On January 19th, Apple is all set to introduce something that would revolutionize the entire textbook industry which according to Steve Jobs is a $8 billion industry. So who should be heading the initiative? It is rumored that iWork head Roger Rosner, vice president for productivity applications will be at the helm of his remarkable project. Roger at the moment is incharge of the iWork development suite and he would also be heading the upcoming new textbook work by Apple.
As pointed out by Wired, at one point Steve believed that educational issues cannot be solved by technology as there are political barriers involved. In a dinner with Rupert Murdoch, this is what Jobs said –
Most of the dinner conversation was about education.

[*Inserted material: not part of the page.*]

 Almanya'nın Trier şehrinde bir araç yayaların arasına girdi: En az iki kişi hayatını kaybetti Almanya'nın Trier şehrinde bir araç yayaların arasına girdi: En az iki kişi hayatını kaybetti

Murdoch had just hired Joel Klein, the former chancellor of the New York City Department of Education, to start a digital curriculum division. Murdoch recalled that Jobs was somewhat dismissive of the idea that technology could transform education. But Jobs agreed with Murdoch that the paper textbook business would be blown away by digital learning materials.
In fact, Jobs had his sights set on textbooks as the next business he wanted to transform. He believed it was an $8 billion a year industry ripe for digital destruction. He was also struck by the fact that many schools, for security reasons, don’t have lockers, so kids have to lug a heavy backpack around. “The iPad would solve that,” he said. His idea was to hire great textbook writers to create digital versions, and make them a feature of the iPad. In addition, he held meetings with the major publishers, such as Pearson Education, about partnering with Apple. “The process by which states certify textbooks is corrupt,” he said. “But if we can make the textbooks free, and they come with the iPad, then they don’t have to be certified. The crappy economy at the state level will last for a decade, and we can give them an opportunity to circumvent that whole process and save money.”